Gold remains confined to the 1697.50/1625.69 range that was established in January. That range is in turn well within the broader 1922.74/1522.48 range that has dominated since 2011. But don't think for a second that the yellow metal has been completely stagnant.
One need look no further than gold in yen terms, which reached a 33-year high of Y157,476 just last week, as proof to the contrary.
EYE ON JAPAN
Indeed, Japanese monetary policy has been stealing the show of late, leading to significant declines in the yen versus the other major currencies and prompting a rebuke from the G7 on Tuesday. Perhaps hearing what they wanted to hear, the Japanese initially interpreted the G7 statement as a tacit approval of their deflation fighting measures.

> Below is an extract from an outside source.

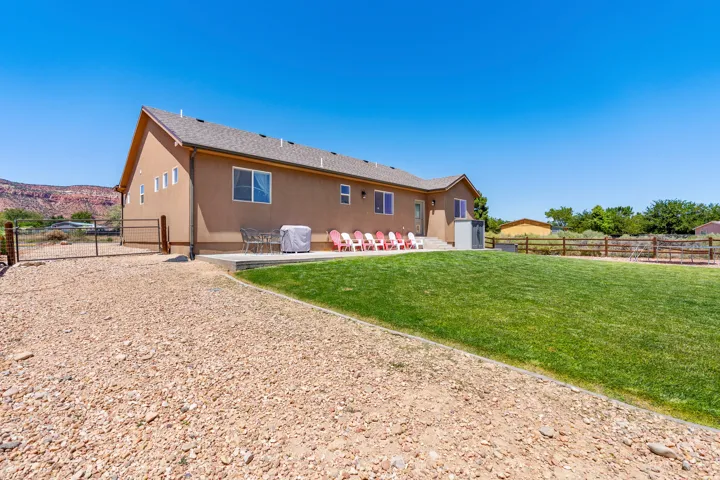 Stucco exterior with multiple windows, leading to a concrete patio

Japanese Finance Minister Aso was quoted as saying the G7 "properly recognizes that steps we are taking to beat deflation are not aimed at influencing currency markets." The yen promptly fell to new 27-month lows against the dollar.

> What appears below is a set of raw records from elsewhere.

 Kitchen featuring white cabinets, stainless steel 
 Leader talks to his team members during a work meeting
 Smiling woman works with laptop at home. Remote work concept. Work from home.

In that context, certainly any central bank or country actively looking to debase their currency could find justification of some sort. The Japanese say they are fighting deflation, the Europeans are attempting to get their economy out of recession, and the U.S. is trying to reduce unemployment. Apparently weaker currencies are just an inadvertent consequence of these more noble domestic goals.
This forced the G7 to clarify their position, with an official subsequently stating unequivocally that "The G7 statement was misinterpreted. The G7 statement signaled concern about excess moves in the yen." The official went on to say, "Japan will be in the spotlight at the G20 in Moscow this weekend." The yen rebounded in response.
In trying to be a little too diplomatic initially, the G7's effort to dispel worries about a currency war may have in fact intensified those concerns. In response to that unnamed G7 official's "clarification," Bank of England Governor Mervyn King said the G7 statement should be taken at face value. "When countries take measures to use monetary stimulus to support growth in their economies, then there will be exchange rate consequences and they should be allowed to flow through," King said.
That seems to suggest it's every country for itself, which sounds very much like a currency war. Is Japan going to be singled out simply for being more effective with its monetary stimulus and messaging? If so, that would open the door to much finger-pointing in Moscow this weekend.
There are many who would argue that a full fledged currency war is already underway. No matter the justification and regardless of whether the debasement of fiat currency is intentional or not, it is an ongoing trend that has hugely contributed to the long term secular bull market in gold against most of the world's currencies.